Methods cublasdx::slice_shared_memory(...) and cublasdx::slice_shared_memory_ab(...) slice shared memory into chunks, one for either A, B and C or only A and B depending on the variant.

The return values are pointers to the first element of the slices for chosen matrices. They follow the alignments in BLAS description and at the same time, are not over-aligned, i.e., bytes between two slices are less than the alignments.

Note that cublasdx::slice_shared_memory(...) and cublasdx::slice_shared_memory_ab(...) accept arbitrary CuTe layouts.
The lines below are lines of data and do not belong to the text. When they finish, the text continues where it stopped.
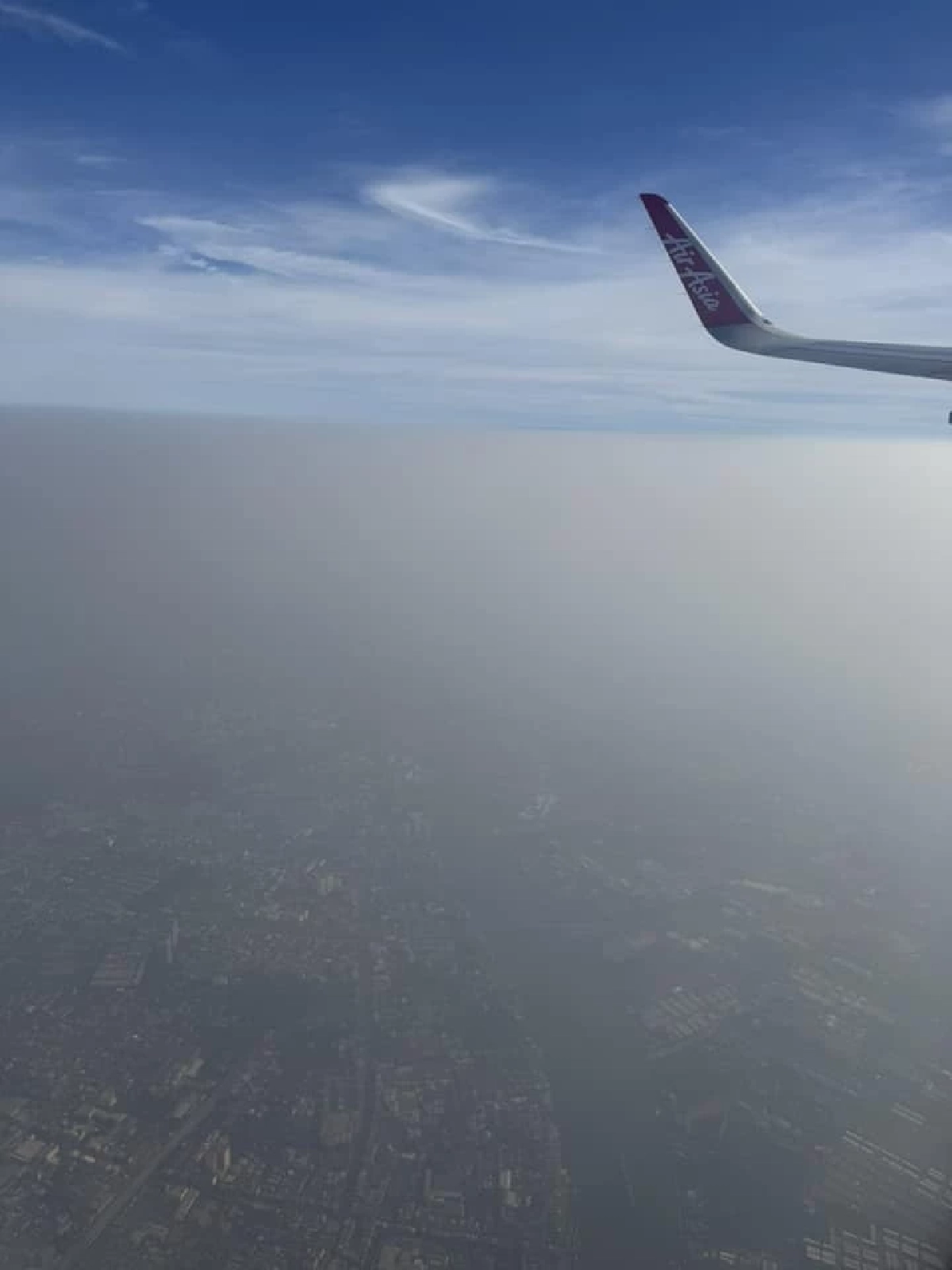 FB : Meannawat Jinakool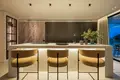 4 bedroom Villa 685 m² San Pedro Alcantara, Spain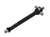 Делитель мощности Racio Antenna RSV-4U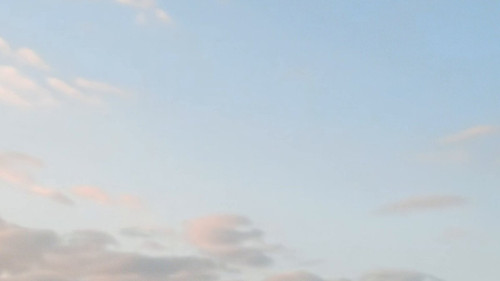 QaTMk1oEFUg41SU5.jpg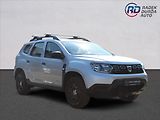 Dacia Duster 1,6 SCe  NOVÉ V ČR - náhled 2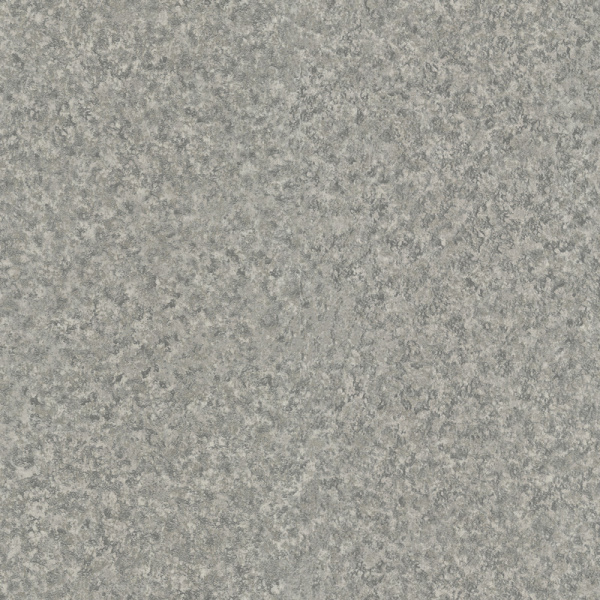 Emiliana Parati Materica 73149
Class ALayout, BLayout (and CLayout for cublasdx::slice_shared_memory(...)) in the above function prototype could be either of cute::Layout or cute::ComposedLayout concepts.

Example

using BLAS = decltype(...);

extern __shared__ __align__(16) char smem[];

// use structured binding
auto [smem_a, smem_b, smem_c] = cublasdx::slice_shared_memory<BLAS>(smem);

// or
auto smem_slices = cublasdx::slice_shared_memory<BLAS>(smem);
auto smem_a = cute::get<0>(smem_slices);
auto smem_b = cute::get<1>(smem_slices);
auto smem_c = cute::get<2>(smem_slices);

cuBLASDx also offers an advanced generic slicing APIs allowing for arbitrary number of input matrices:

Note

The following functions are available in cublasdx::shared_memory namespace not in cublasdx namespace, as they are shared between different Device Extensions libraries.

// 1. Use type, alignment and number of elements to slice into pointers
template <class... Ts, class... Args>
__host__ __device__ __forceinline__
cute::tuple<Ts*...> slice_into_pointers(void* smem, const Args... args);

// 2. Use type, alignment and layout to slice into tensors
template <class... Ts, class... Args>
__host__ __device__ __forceinline__
auto slice_into_tensors(void* smem, const Args... args);

// 3. Accept types, alignments and either count of elements or layouts to get
// appropriate combination of outputs
template <class... PointerTypes, class... Args>
__host__ __device__ __forceinline__
auto slice(void* smem, const Args... args);

The last variant offers the largest configurability in a single call for experienced users as it incorporates functionality of the first two API variants which can be seen as simplified helpers.

It can be used in the following way to properly slice shared memory into tensors for 2-stage pipelined GEMM execution:

// Slice shared memory into tensors for proper alignment in 2-stage pipelining
auto [s_a, s_b, s_a_n, s_b_n] =
    cublasdx::shared_memory::slice<AValueType, BValueType, AValueType, BValueType>(
        smem,
        cublasdx::alignment_of_v_a<BLAS>, BLAS::suggest_layout_smem_a(),
        cublasdx::alignment_of_v_b<BLAS>, BLAS::suggest_layout_smem_b(),
        cublasdx::alignment_of_v_a<BLAS>, BLAS::suggest_layout_smem_a(),
        cublasdx::alignment_of_v_b<BLAS>, BLAS::suggest_layout_smem_b()
    );

Depending whether layout or count of elements is provided, the function will return either tensors or pointers.